Wassom: There are different ways of articulating the definition, but it boils down to superimposing digital content on the physical world. To “augment” means to “add to or make greater,” and “reality” is what we experience with our five senses. So AR adds to our experience of the world by digitally enhancing what we see, hear, and touch. (And there are even applications in the works that augment the senses of taste and touch.)
AR matters because it is inevitable. I’m convinced of that, because it is the logical conclusion of several current trends in technology. There’s a reason it keeps showing up in futuristic films; futurists think about how they would like to interact with digital data if the technology allowed, and this is the vision they keep coming up with. And it’s more than just a technology, or set of technologies; it’s an entirely new medium. Some commentators call it the “eighth mass medium,” on par with the invention of the printing press and the internet.
Once we have the hardware and software necessary to interact with this medium ubiquitously and seamlessly, it will revolutionize society and the exchange of information as radically as the Internet has done over the past 20 years. That’s an important development to start thinking about.
Mathis: Which area of law is most affected by issues of augmented legality?
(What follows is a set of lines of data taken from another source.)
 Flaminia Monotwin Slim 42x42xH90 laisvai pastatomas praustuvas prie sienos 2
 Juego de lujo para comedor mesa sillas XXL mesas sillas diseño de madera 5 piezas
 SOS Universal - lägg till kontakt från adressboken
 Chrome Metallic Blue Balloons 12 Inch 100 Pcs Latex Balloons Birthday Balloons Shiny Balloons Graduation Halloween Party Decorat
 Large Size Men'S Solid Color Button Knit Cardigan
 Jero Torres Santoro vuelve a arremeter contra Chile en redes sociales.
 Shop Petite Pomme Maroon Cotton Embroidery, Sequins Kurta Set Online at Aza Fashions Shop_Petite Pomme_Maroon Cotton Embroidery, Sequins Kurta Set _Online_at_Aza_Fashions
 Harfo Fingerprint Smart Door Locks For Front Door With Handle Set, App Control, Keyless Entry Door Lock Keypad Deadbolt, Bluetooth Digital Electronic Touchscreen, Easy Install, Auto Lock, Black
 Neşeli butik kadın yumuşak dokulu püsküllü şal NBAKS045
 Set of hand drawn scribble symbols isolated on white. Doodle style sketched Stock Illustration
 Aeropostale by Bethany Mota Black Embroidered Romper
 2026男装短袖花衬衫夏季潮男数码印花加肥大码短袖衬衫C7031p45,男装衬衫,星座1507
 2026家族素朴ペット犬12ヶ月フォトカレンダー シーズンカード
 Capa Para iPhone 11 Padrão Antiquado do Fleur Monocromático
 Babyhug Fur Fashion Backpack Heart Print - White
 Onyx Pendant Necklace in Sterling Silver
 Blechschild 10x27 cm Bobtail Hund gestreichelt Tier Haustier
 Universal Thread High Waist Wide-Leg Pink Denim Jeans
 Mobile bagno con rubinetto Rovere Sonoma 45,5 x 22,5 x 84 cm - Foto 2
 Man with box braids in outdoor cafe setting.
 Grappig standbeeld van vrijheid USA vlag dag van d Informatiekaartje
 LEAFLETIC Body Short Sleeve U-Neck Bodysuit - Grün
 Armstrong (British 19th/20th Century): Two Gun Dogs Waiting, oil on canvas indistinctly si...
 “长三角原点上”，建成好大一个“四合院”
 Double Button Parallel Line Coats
Wassom: As the discussion on my blog shows over the past few years, it’s impossible to narrow the relevant issues down to just one topic. It’s the same reason that it doesn’t often make sense to talk about “Internet law” as if it were one defined subject; instead, the Internet plays a role in legal disputes involving business contracts, intellectual property, slander, infliction of emotional distress, employment, and many other legal areas. AR law will be similar.
That said, the areas I’m particularly interested in are those that will be unique to the blending of the digital and the physical that sets AR apart. For example, who is responsible if I hurt myself while I’m walking down the sidewalk because my view was blocked, or I was distracted, by a “virtual” object displayed in front of me? Will it violate trademark and unfair competition laws if I look at one store through my digital eyewear and see a coupon for its competitor? And what will the ramifications be for civil society as individuals increasingly ensconce themselves in their own private, digital worlds?
Mathis: In your 2012 ebook, “Augmented Legality,” you wrote that augmented reality—digital data superimposed on the physical world—was poised to take our everyday lives, and the laws that govern them, by storm. How much closer is that storm today?
Wassom: Quite a bit closer. Unlike when I wrote those words two years ago, everyday consumers now have their choice of several different sets of digital eyewear to choose from. There are devices on the market and in production that can scan and make a 3D model of one’s physical surroundings in real time. A huge community of gamers are combing the earth to interact with virtual objects inside a massively multiplayer AR game. The world is getting increasingly augmented every day.